Sophie Conner
Ironically, the first time I knew it had become a real problem was when the question of “Do you even remember the last three TikToks you watched?” interrogated me at 3am, as I was endlessly swiping on my For You page. I was waiting eagerly to watch something new, something that would clench my thirst for the insatiable – yet I was called to stop my pursuit to think! A concoction of thoughts ricocheted around my brain: I thought TikTok was supposed to be the perfect formula for procrastination! Why am I suddenly being urged to become present and aware? I definitely should have scrolled by now…
Nevertheless, the answer you are looking for is no. I could not remember the last three TikToks I watched. In fact, I was struggling to even recollect the latter.
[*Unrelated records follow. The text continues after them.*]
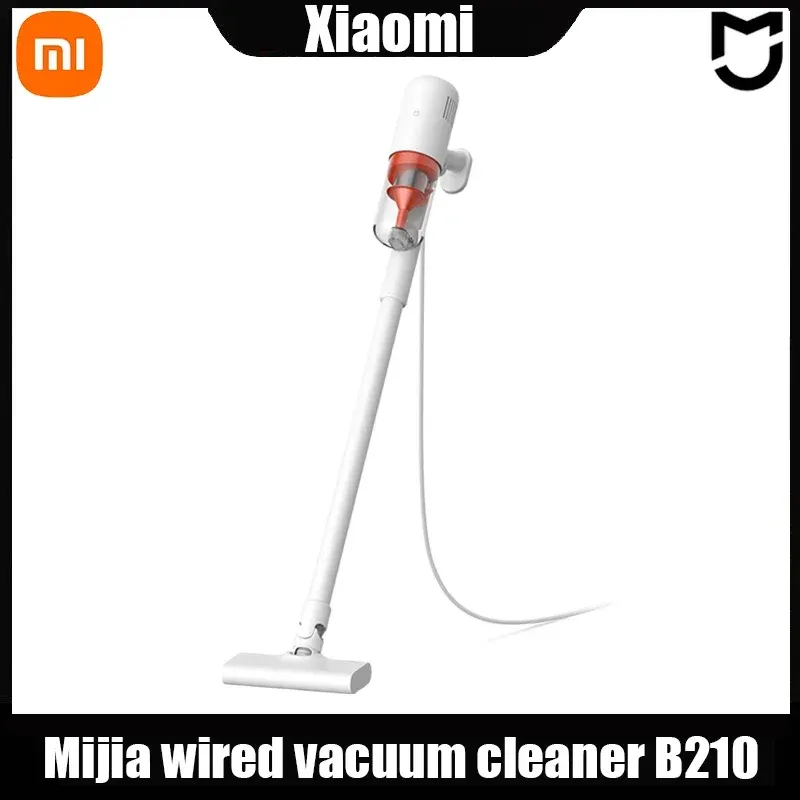 Xiaomi Mijia Wired Vacuum Cleaner B210 16kPa Suction Ultra-thin Rotating Floor Brush Home Upgrade 0.5L Visual Dust Removal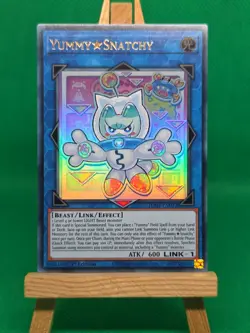 Yummy Snatchy Yu-Gi-Oh! JUSH-EN022 1st Ultra Rare PRE ORDER 31/07/2025 - Image 3
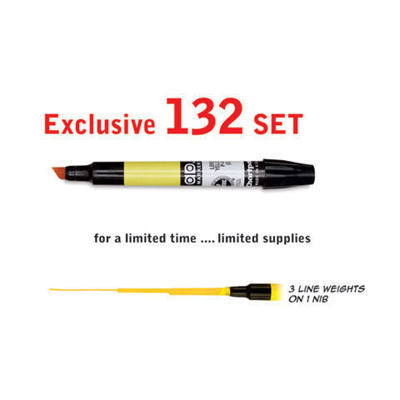 Chartpak AD Markers 132 Set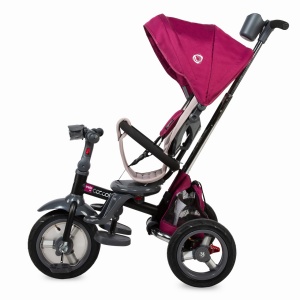 Tricicleta multifunctionala 4in1 cu sezut reversibil Coccolle Velo Air Violet - Img 6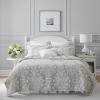 imageLaura Ashley Rowland Collection 100 Cotton Reversible All Season Bedding with Matching Sham PreWashed for Added Comfort Queen GrayGray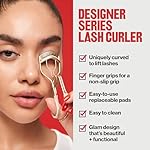 Revlon Designer Series Lash Curler, Eyelash Lift for an Eye Opening Look, Non-Slip Finger Grips, Easy to Use, 1 Count - Image 3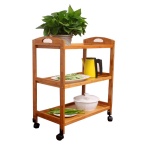 3 tier bamboo trolley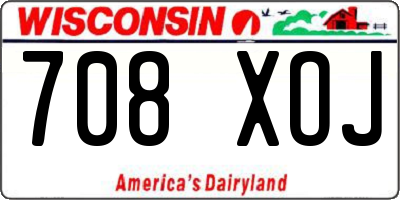 WI license plate 708XOJ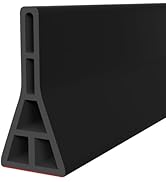 3.5" High Shower Threshold Water Dam, 67 IN Shower Water Splash Guard for Curbless Bath Shower Th...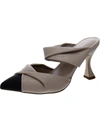 MARC FISHER HEATON WOMENS FAUX LEATHER PUMPS MULES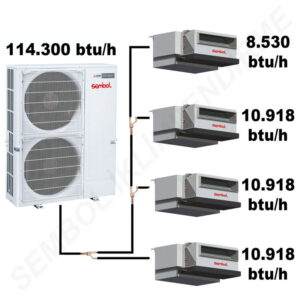 Mitsubishi Electric Gizli Tavan Tipi Mini VRF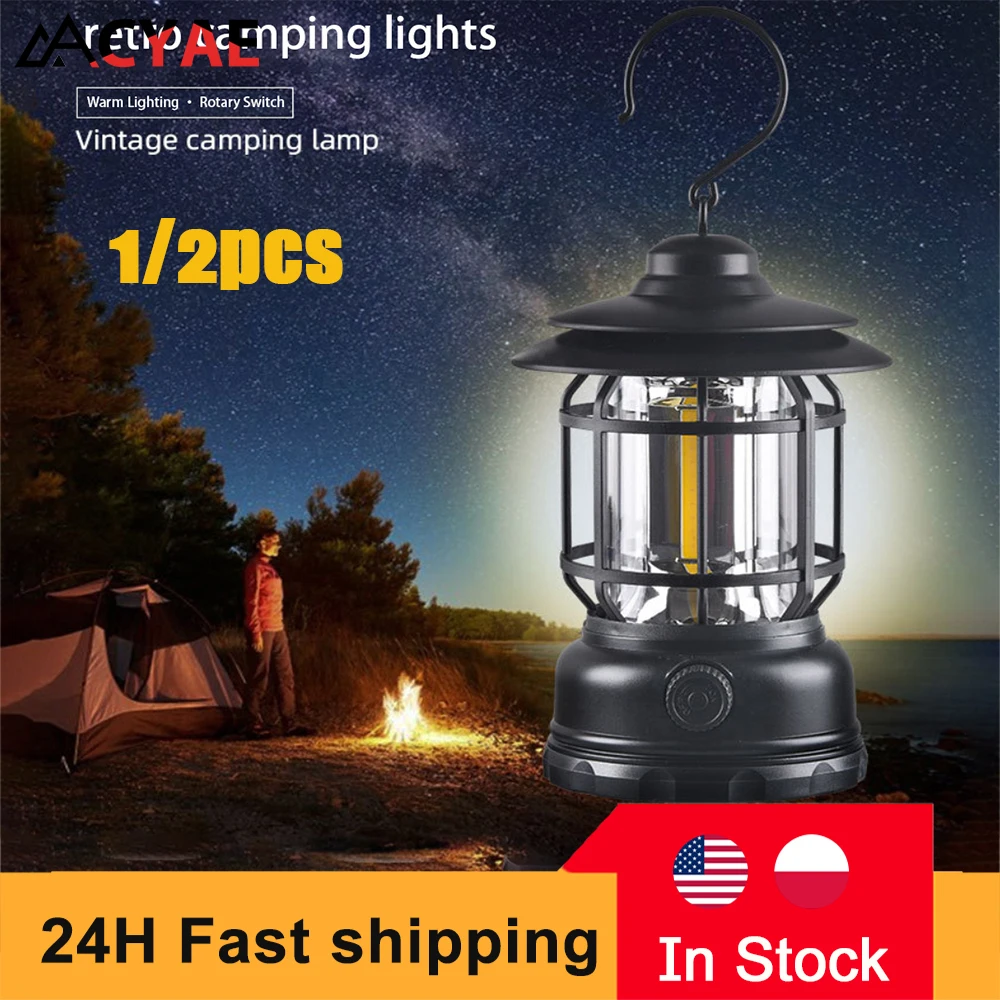 2pcs Portable camping lamp charging retro lamp multifunctional camping tent lamp hand lamp stepless dimming Outdoor Camping Lamp
2pcs Portable camping lamp charging retro lamp multifunctional camping tent lamp hand lamp stepless dimming Outdoor Camping Lamp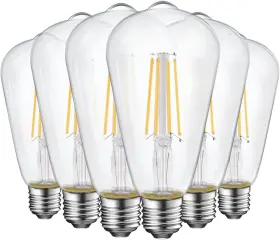 YGA16A01-ST19-7W-5000K-6PK ENERGETIC Pack Led Edison Bulbs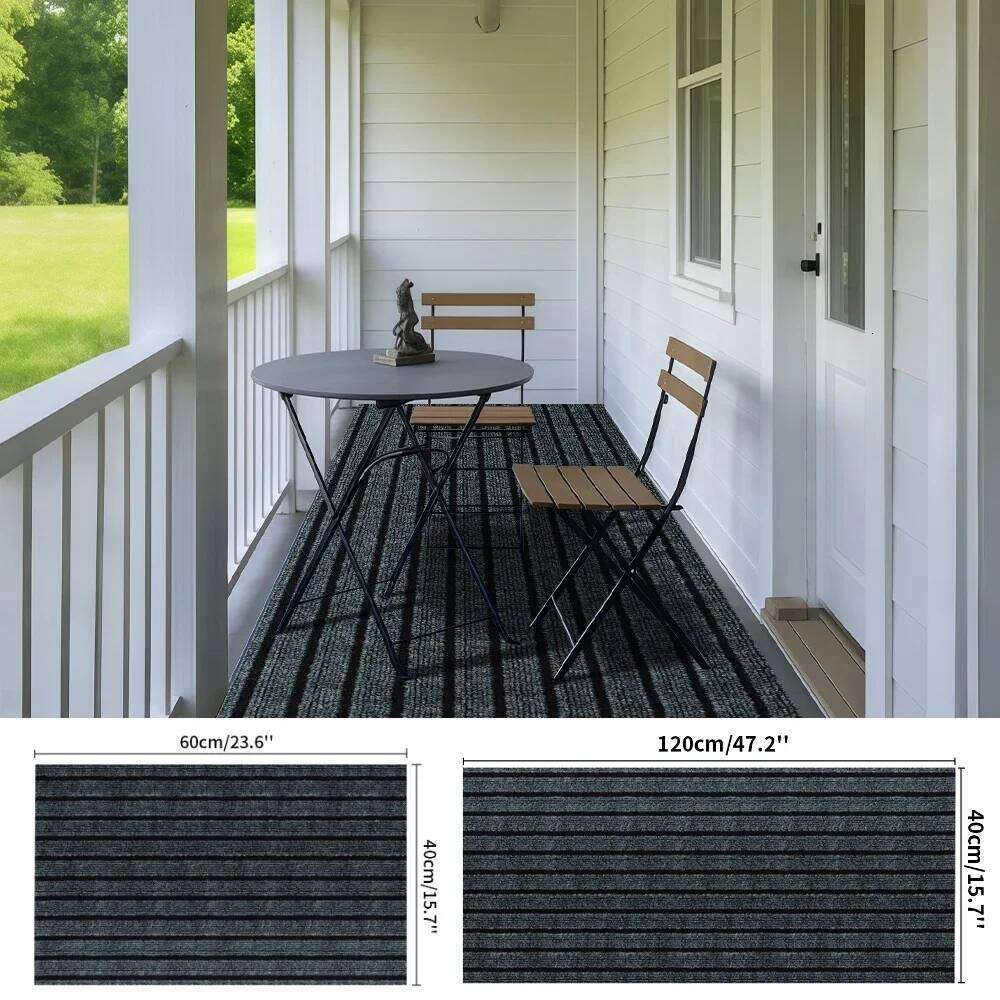 Durable Non-Slip Door Indoor Outdoor Doormat for Home Entrance Stain Fade Resistant Floor Mat Machine Washable Carpet H260226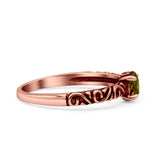 Art Deco Vintage Style Thumb Ring Statement Fashion Oxidized Round Solid 925 Sterling Silver
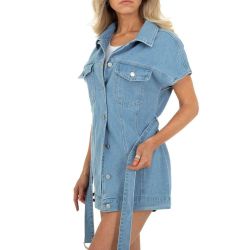 Ital-Design Jeansjacke Damen Freizeit Hemd Jeansstoff günstig online kaufen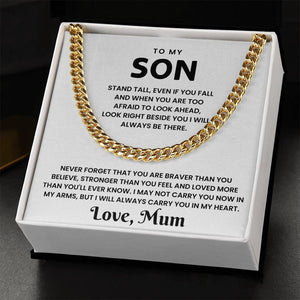 To My Son - Cuban Chain - I May Not Carry You In My Arms - luxoz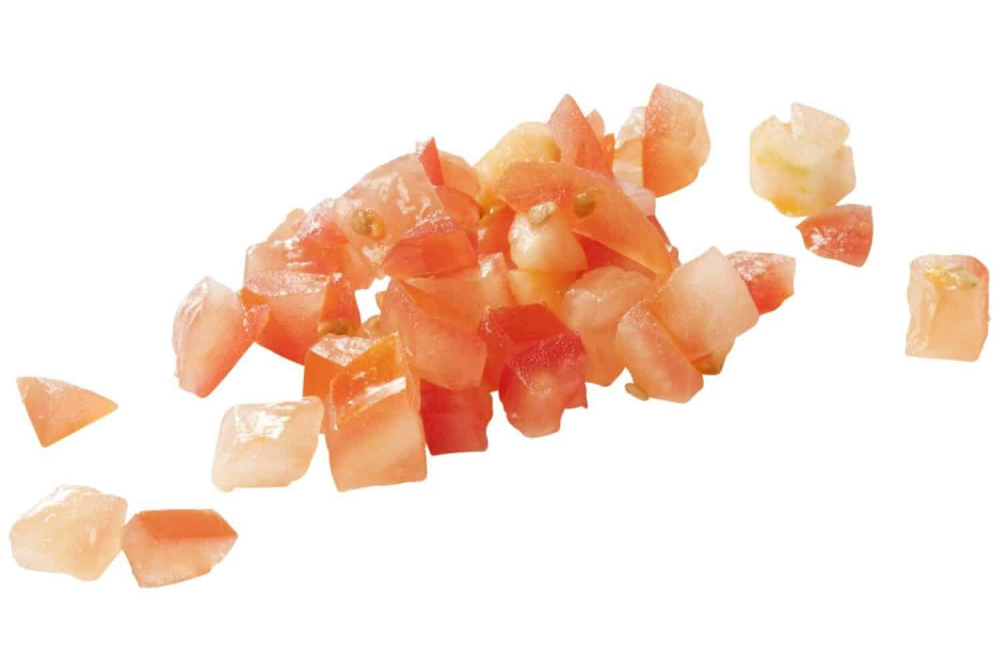Tomaten brunoise 10 mm bak 500 gram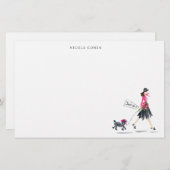 Gepersonaliseerde briefpapier voor vrouw (Voorkant / Achterkant)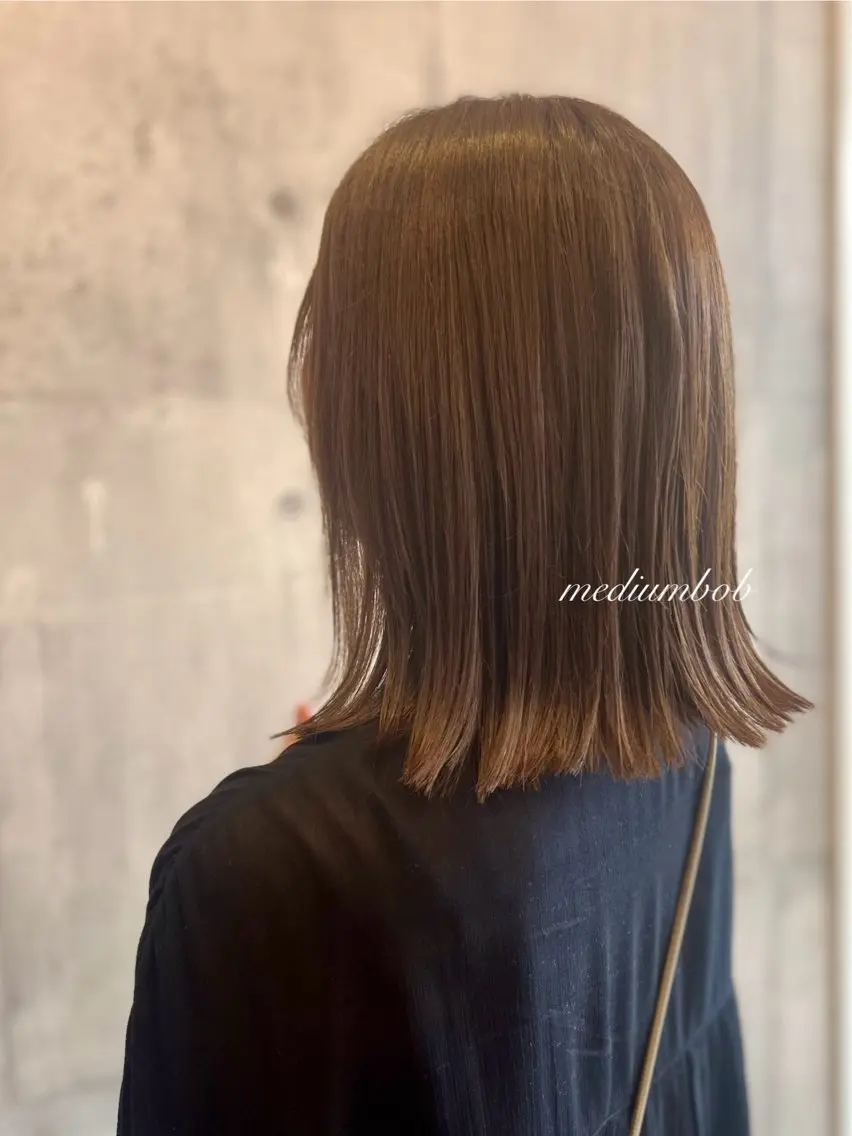 ミディアム ボブ いけだ さやかのヘアスタイル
Thus, the question began to stir something within me and all the scrolling, scrolling and scrolling that had once been so stimulating and distracting, started to resemble something that seemed tedious and fruitless.
Then one night, I had a sort of epiphany. After spending hours on TikTok, I pondered the question again: the last three TikToks… I thought to myself, and once again, I was exposed to the same disturbance. The same feeling of discombobulation from before. The worst part of it was that I had been sitting there for hours scrolling, and I couldn’t even remember the three. I dreaded to think what this app has done to my attention span, and that dread was followed with a concerned gulp. It was a gulp of absolute apprehension when I contemplated how exhausted my brain must be, from all the forced over-excess of information, content and screen-time. I knew I had to give myself a break – so I deleted it, and I haven’t looked back from there.
TikTok is built on the foundation of being a loop of entertainment; satisfying the collective with short and recurring videos. It promotes itself as the perfect prescription for a few minutes of boredom. However, the few minutes of boredom can unknowingly transcend into a few hours, as the algorithm cunningly morphs and moulds exactly to your tastes. Shortly, the once trustworthy remedy used to appease our few minutes of boredom, becomes the enabler of procrastination. The app taps into our insatiable appetites with its overload of entertainment, releasing dopamine with every swipe, and feeding our abject affirmations of just one more…Accompanied with tantalising glimpses of watching something funnier, as well as unobtainable promises of superlatives, TikTok can quickly transform into something unequivocally addictive. Think about all those late nights you have spent, with your eyes half-shut at 3am, fighting the fatigue, remaining resilient – persistent – on watching just one more… Ask yourself if it is worth it. When you wake up feeling groggy and dazed, feeling a sense of TikTok burnout… Take a moment to shut off your phone, become present, and ask yourself: do you remember the last three TikToks you watched?